For example, the best frameworks on TechEmpower are all Rust, C and C++ with the best Java coming in at 25% slower on that microbenchmark. My point stands - it is generally true that well written rust/c/c++ outperforms well written Java and .Net and not just with lower memory usage. The “engineering effort per performance” maybe skews to Java but that’s different than absolute performance. With rust to me it’s also less clear if that is actually even true.

[1] https://www.techempower.com/benchmarks/#section=data-r23

pjmlp 10/31/2025|||
This kind of discussions are always a wasted effort, because in the end we are all using Electron based apps, and Python scripting for AI tools.

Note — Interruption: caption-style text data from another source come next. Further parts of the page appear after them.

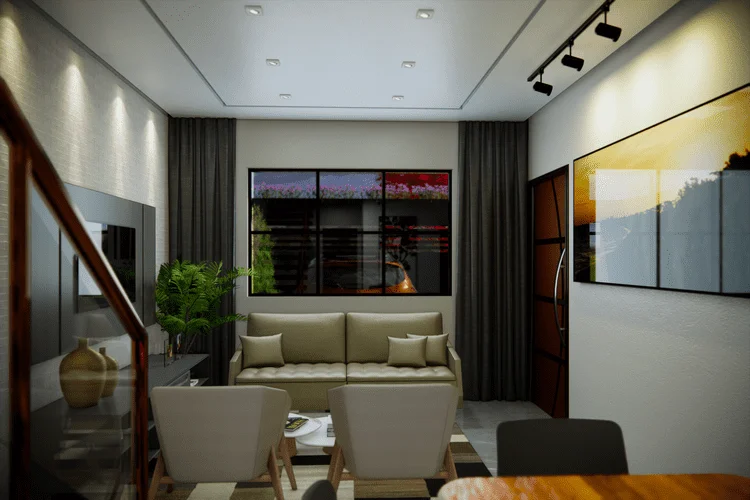 Sobrado moderno com 122,66 m², 3 quartos, 2 suítes (uma com varanda), 3 banheiros, 1 vaga de garagem, área íntima reservada, closet, área gourmet e cozinha integrada com sala - Ideal para lote de 06x20m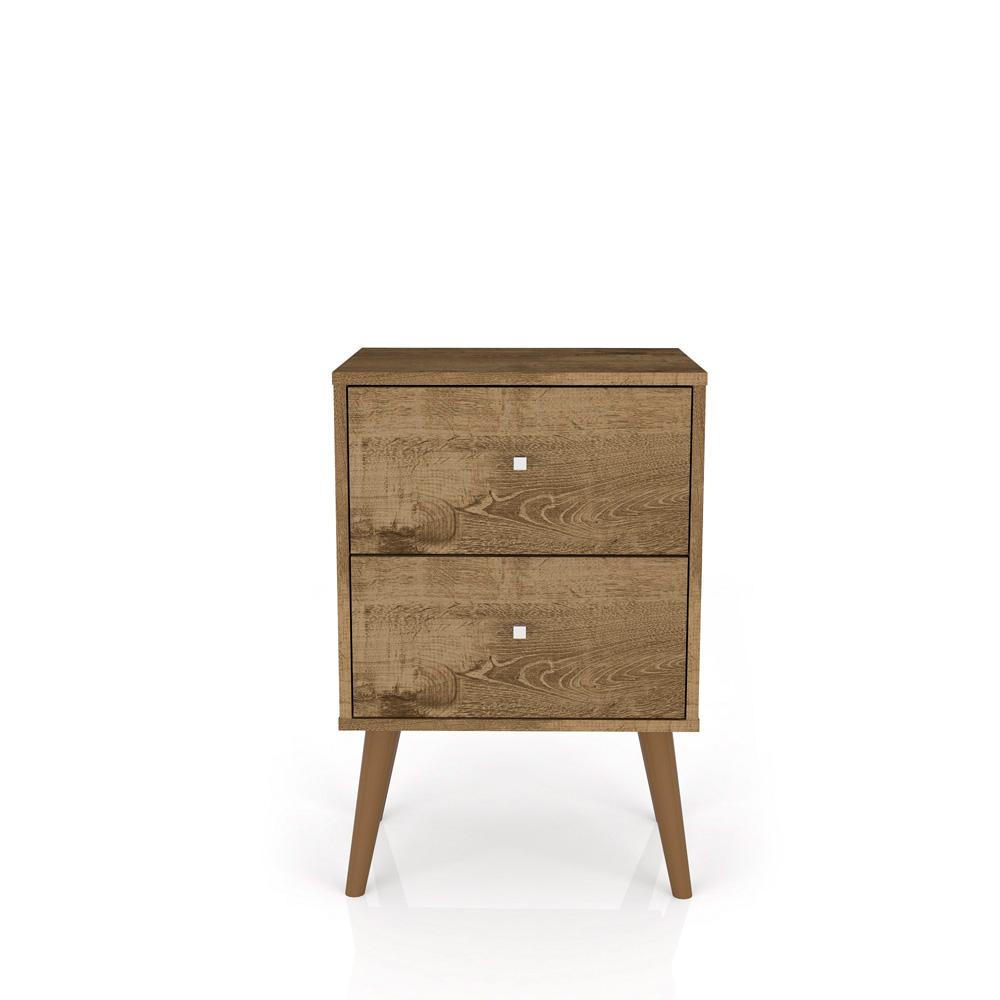 Manhattan Comfort - Liberty Nightstand with 2 Drawers in Rustic Brown - 204AMC9 veiw 1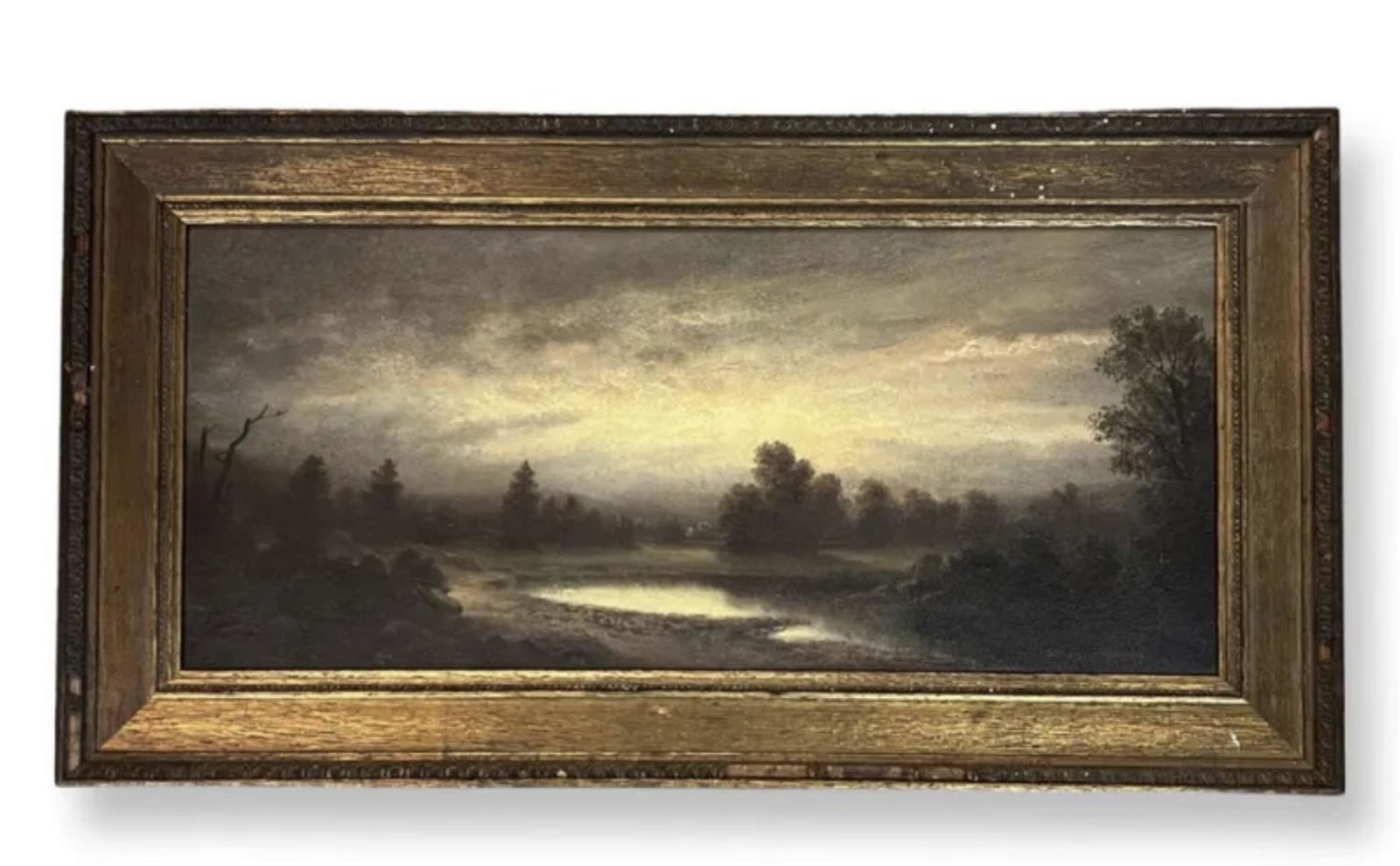 John Francis Murphy (1853 - 1921) American: John Francis Murphy (1853 - 1921) Spring, circa 1870, Oil on Panel , Signed , measures ,18.5" X 8" , W/FRAME 22" X 12"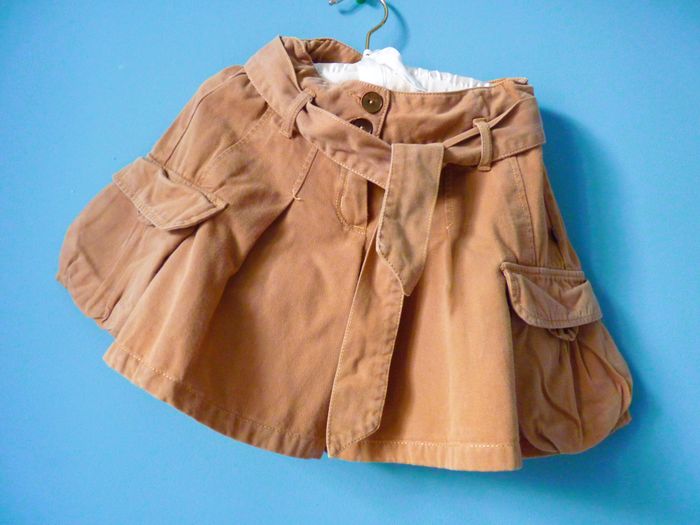 Jupe short fille ceinture Jean Bourget 6 ans beige TBE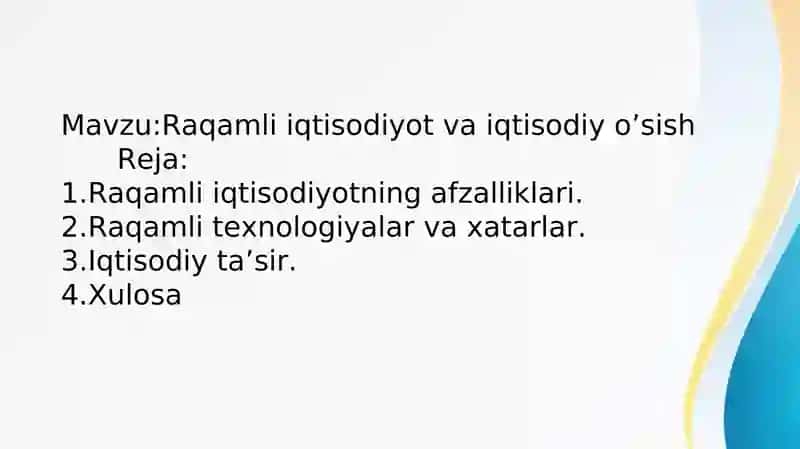 Raqamli iqtisodiyot va iqtisodiy o'sish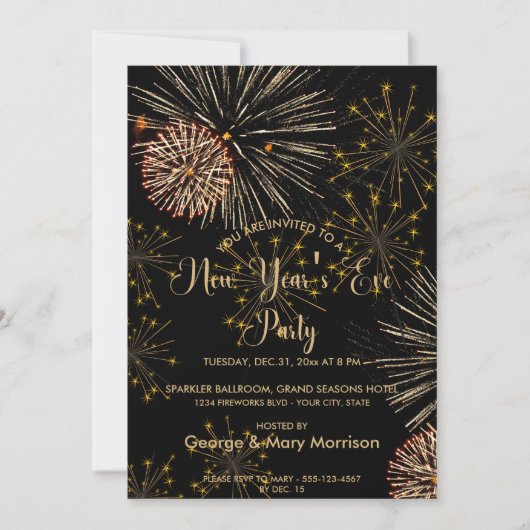 Prachtig vuurwerk Oud en Nieuw Uitnodiging (Voorkant)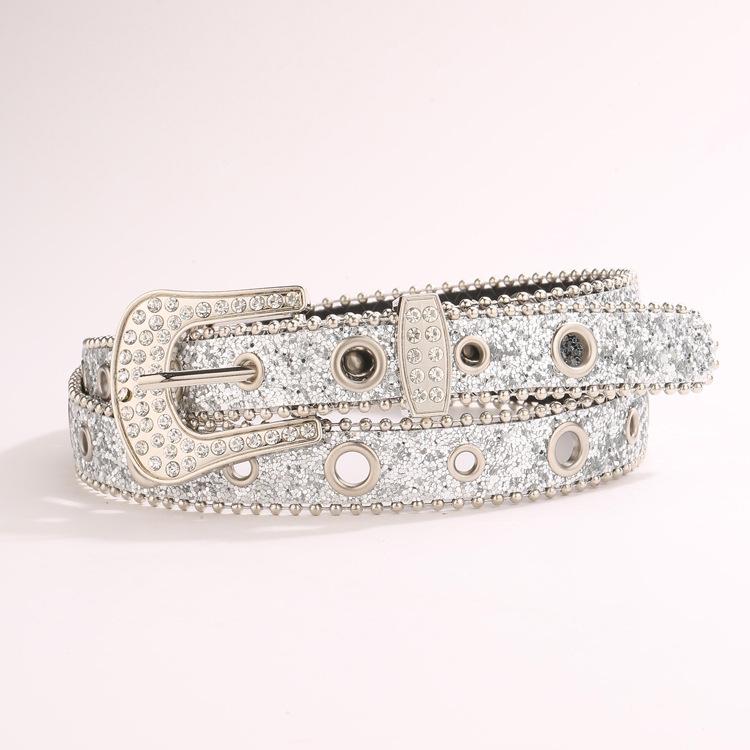 Edge Bead Wide Belt Women'S Style Belt Sequined Personalized Belt Women'S High-End Belt Women'S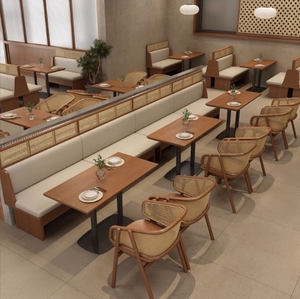 Juego de <span class=keywords><strong>restaurante</strong></span> occidental de ratán de madera maciza con tema del Sudeste Asiático para hoteles Cafés Cabina Sofás - Product Image 1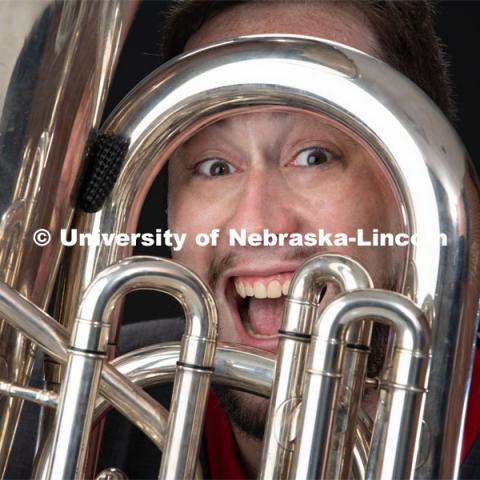 Studio portrait of Ravil Atlas, Lecturer in Music, Tuba/Euphonium, Glenn Korff School of Music. September 5, 2019. Photo by Greg Nathan / University Communication.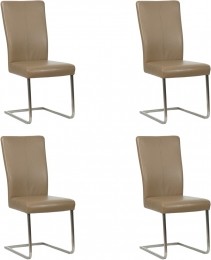 Setvan4TaupelerenindustrileeetkamerstoelenDare-pootvierkantrvs-ToledoLeerMoccataupeleer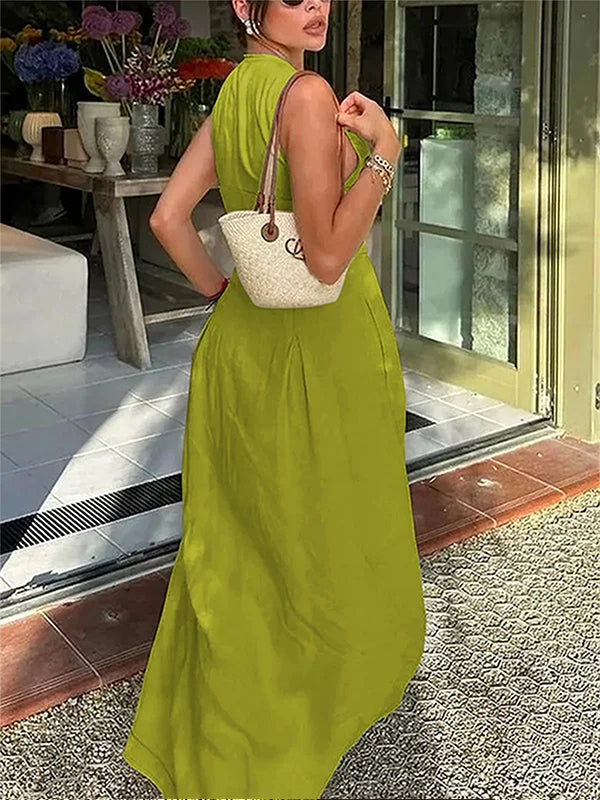Solid Zip-Front Sleeveless Dress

It doesn't matter to win benchmarks games if the customer doesn't get what they need, but runs at blazing speed.

CJefferson 10/31/2025||||
Honestly, if these languages are only winning by 25% in microbenchmarks, where I’d expect the difference to be biggest, that’s a strong boost for Java for me. I didn’t realise it was so close, and I hate async programming so I’m definitely not doing it for an, at most, 25% boost.
jmaker 11/1/2025|||
It’s not about the languages only, but also about runtimes and libraries. The vert.x vertices are reactive. Java devrel folks push everyone from reactive to virtual threads now. You won’t see it perform in that ballpark. If you look at the bottom of the benchmark results table, you’ll find Spring Boot (servlets and a bit higher Reactor), together with Django (Python). So “Java” in practice is different from niche Java. And if you look inside at the codebase, you’ll see the JVM options. In addition, they don’t directly publish CPU and memory utilization. You can extract it from the raw results, but it’s inconclusive.

This stops short of actually validating the benchmark payloads and hardware against your specific scenario.

vips7L 11/2/2025||
> So “Java” in practice is different from niche Java.

This is an odd take, especially when in the discussion of Rust. In practice when talking about projects using Rust as an http server backend is non-existent in comparison. Does that mean we just get to write off the Rust benchmarks?

Java performs, as shown by the benchmarks.

jmaker 11/2/2025||
I don’t understand what you’re saying. Typical Java is Spring Boot. Typical Rust is Axum and Actix. I don’t see why it would make sense to push the argument ad absurdum. Vert.x is not typical Java, its not easy to get it right. But Java the ecosystem profits from Netty in terms of performance, which does the best it can to avoid the JVM, the runtime system. And it’s not always about “HTTP servers” though that’s what that TechEmpower benchmark subject matter is about - frameworks, not just languages.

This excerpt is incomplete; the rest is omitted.